China's irresistible power-surge

By ROWAN CALLICK in today’s The Australian


AFTER countless "dragon rising" conferences and speeches, Australians have grown accustomed to China's emergence as an economic giant to rival the US.
But the past few weeks have seen something new: the most important shift so far in the 21st century. History in the making. China has made its move.
In August it leapfrogged Japan as the world's second biggest economy. And it has started to make that strength tell, beyond the worlds of factories, foreign exchange and trade, which it has already ruled for a decade.
During the past few years, Beijing has talked of projecting its soft power, its cultural influence. But that was either a feint or was destined to be a flop.
Instead, China is now exercising its influence in the world of hard power, where it makes other countries behave in the way it wants -- and this is especially apparent in the seas surrounding China's 14,500km coastline.
These are the waters through which more than half of Australia's traded goods have to sail. And Australia is the Western country most enmeshed economically and socially with China. There is thus no strategic issue of greater weight for Canberra.
In the past few days, the US House of Representatives has voted overwhelmingly for legislation approving sanctions against China, which Americans criticise for subsidising its exports by keeping the value of its currency low by buying large amounts of foreign currency, chiefly US dollars.
Influential US economist Paul Krugman says these subsidised exports are hurting employment in the rest of the world. But not in Asia, where many of China's trading partners enjoy large surpluses in their China trade, thanks to the products they send for assembly there. Australia's dollar is riding high in part because of the strength of our trade with China.
The US is in no position to launch, let alone win, a trade war with China. US rhetoric about currency valuations instead underlines its economic impotence.
Two Chinese thrusts underline the country's role as a great power in Asia and, more significantly, its willingness to exercise its strength.
The first move: North Korea sank a South Korean corvette killing 46 sailors; the US and its Korean ally responded by planning a military exercise, involving the aircraft carrier George Washington, in the Yellow Sea between the Korean Peninsula and China.
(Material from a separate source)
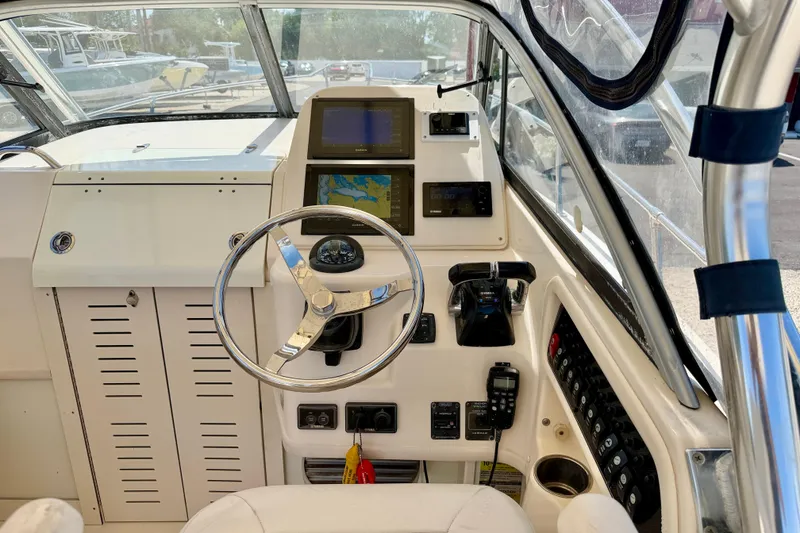 Slide: The Image of Helm of 2016 Grady-White Journey 258 boat with steering wheel and navigation equipment. - 9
China refrained from publicly rebuking Pyongyang and issued an emphatic warning to Washington and Seoul that this would be perceived as an attack on its sovereignty. The allies took a step back, and instead exercised off the Sea of Japan to the east of the peninsula.
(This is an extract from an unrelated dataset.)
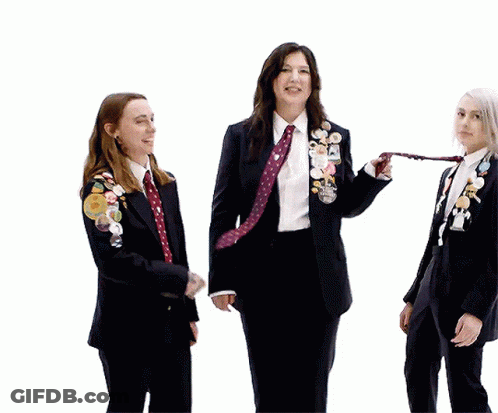 Three Women In Suits And Ties With Pins GIF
The second move involved the ramming by a Chinese trawler of two Japanese gunboats in the oil and gas rich waters near Japan's Diaoyu islands, which are claimed by China. The Chinese skipper, Zhan Qixiong, was arrested.
China retaliated by banning exchanges with Japan, cancelling all cabinet-level contact with Japan, instructing travel agents to stop offering tours to Japan, and suspending negotiations to increase airline flights. "If Japan clings to its mistake, China will take further actions and the Japanese side shall bear all the consequences that arise," Chinese Premier Wen Jiabao said in New York.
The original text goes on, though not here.